Exercise goal: Set out word for word the line that contains "Brass Pave Cubic" and each line after it, through the end of the data below, but exclude the pictures.

Information shown:
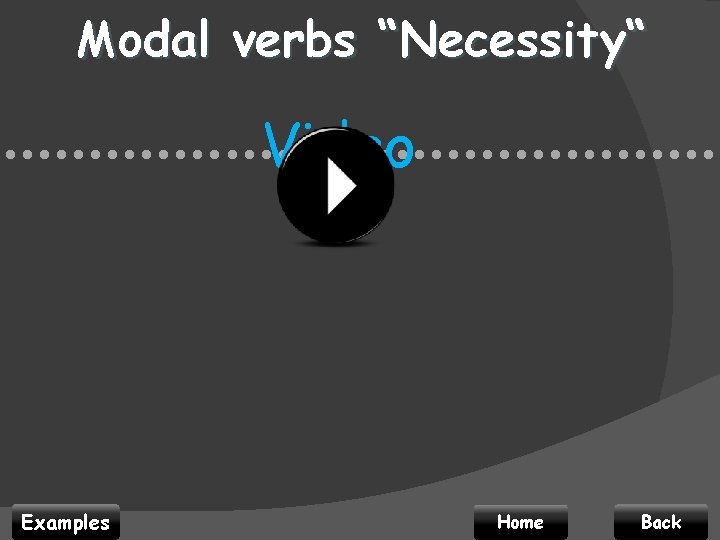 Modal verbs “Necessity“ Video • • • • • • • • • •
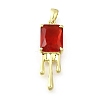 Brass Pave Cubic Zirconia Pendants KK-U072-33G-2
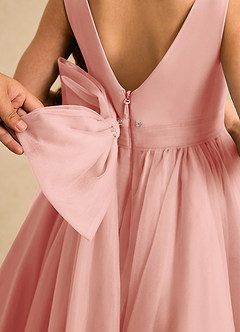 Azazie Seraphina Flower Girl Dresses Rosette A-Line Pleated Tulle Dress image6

Result of this exercise:
 Brass Pave Cubic Zirconia Pendants KK-U072-33G-2
 Azazie Seraphina Flower Girl Dresses Rosette A-Line Pleated Tulle Dress image6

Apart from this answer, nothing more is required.